Prompt: For this exercise, output the entries below exactly from the line that holds "Detailed close-up of" to the line that holds "Beautiful historic red", both ends included. No pictures belong in the copy.

Given records:

· · · · · · ·

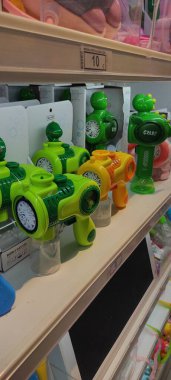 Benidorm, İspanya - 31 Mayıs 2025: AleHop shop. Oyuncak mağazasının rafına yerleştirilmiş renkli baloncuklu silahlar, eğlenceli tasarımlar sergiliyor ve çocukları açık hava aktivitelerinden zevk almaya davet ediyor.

· · · · · · ·

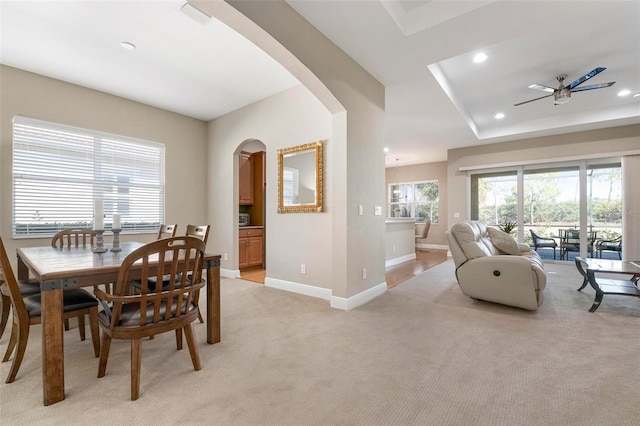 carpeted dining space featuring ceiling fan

· · · · · · ·

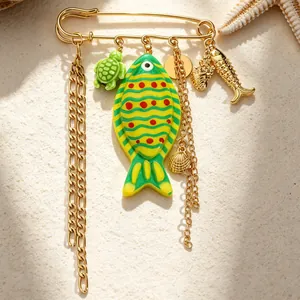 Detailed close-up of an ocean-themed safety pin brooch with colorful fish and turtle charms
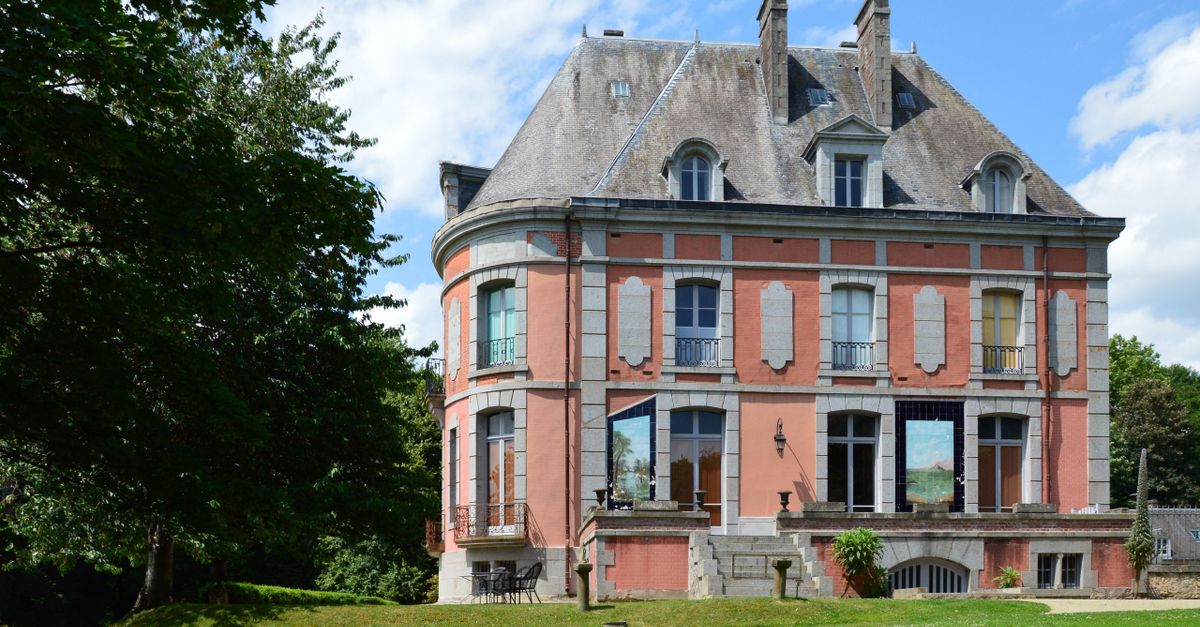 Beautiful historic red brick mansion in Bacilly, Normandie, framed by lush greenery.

· · · · · · ·

Answer for this exercise:
 Detailed close-up of an ocean-themed safety pin brooch with colorful fish and turtle charms
 Beautiful historic red brick mansion in Bacilly, Normandie, framed by lush greenery.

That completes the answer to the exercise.